[Instructions for the task]
From the line that includes "7456 Bethel South" to the last line of the records, inclusive, repeat each line exactly.

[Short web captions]
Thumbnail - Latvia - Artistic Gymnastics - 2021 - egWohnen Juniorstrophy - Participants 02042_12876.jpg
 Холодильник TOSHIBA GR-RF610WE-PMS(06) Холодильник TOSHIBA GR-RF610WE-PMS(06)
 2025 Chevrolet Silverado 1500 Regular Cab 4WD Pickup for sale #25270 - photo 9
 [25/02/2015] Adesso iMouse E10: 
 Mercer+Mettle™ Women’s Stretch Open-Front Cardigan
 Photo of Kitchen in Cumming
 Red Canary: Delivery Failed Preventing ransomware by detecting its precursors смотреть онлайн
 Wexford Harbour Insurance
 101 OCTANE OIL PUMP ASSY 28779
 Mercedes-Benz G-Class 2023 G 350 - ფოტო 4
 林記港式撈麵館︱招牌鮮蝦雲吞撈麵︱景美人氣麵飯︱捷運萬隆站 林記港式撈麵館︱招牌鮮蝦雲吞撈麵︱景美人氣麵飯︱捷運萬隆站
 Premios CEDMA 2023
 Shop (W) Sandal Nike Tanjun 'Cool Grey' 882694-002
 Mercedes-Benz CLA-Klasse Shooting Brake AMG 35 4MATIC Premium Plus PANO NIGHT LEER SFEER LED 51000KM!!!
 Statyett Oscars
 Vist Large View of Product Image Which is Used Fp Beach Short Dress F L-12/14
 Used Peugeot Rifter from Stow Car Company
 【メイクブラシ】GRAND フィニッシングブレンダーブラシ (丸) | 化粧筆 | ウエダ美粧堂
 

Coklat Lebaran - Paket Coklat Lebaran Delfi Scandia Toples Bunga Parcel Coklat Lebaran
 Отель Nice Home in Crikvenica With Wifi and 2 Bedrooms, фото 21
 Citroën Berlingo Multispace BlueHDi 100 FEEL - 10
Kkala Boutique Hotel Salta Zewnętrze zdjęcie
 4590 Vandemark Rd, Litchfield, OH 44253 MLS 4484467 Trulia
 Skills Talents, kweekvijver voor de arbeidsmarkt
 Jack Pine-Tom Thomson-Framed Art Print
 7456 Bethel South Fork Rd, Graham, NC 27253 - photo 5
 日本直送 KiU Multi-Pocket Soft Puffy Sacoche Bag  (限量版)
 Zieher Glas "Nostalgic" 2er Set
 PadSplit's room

[Final answer]
 7456 Bethel South Fork Rd, Graham, NC 27253 - photo 5
 日本直送 KiU Multi-Pocket Soft Puffy Sacoche Bag  (限量版)
 Zieher Glas "Nostalgic" 2er Set
 PadSplit's room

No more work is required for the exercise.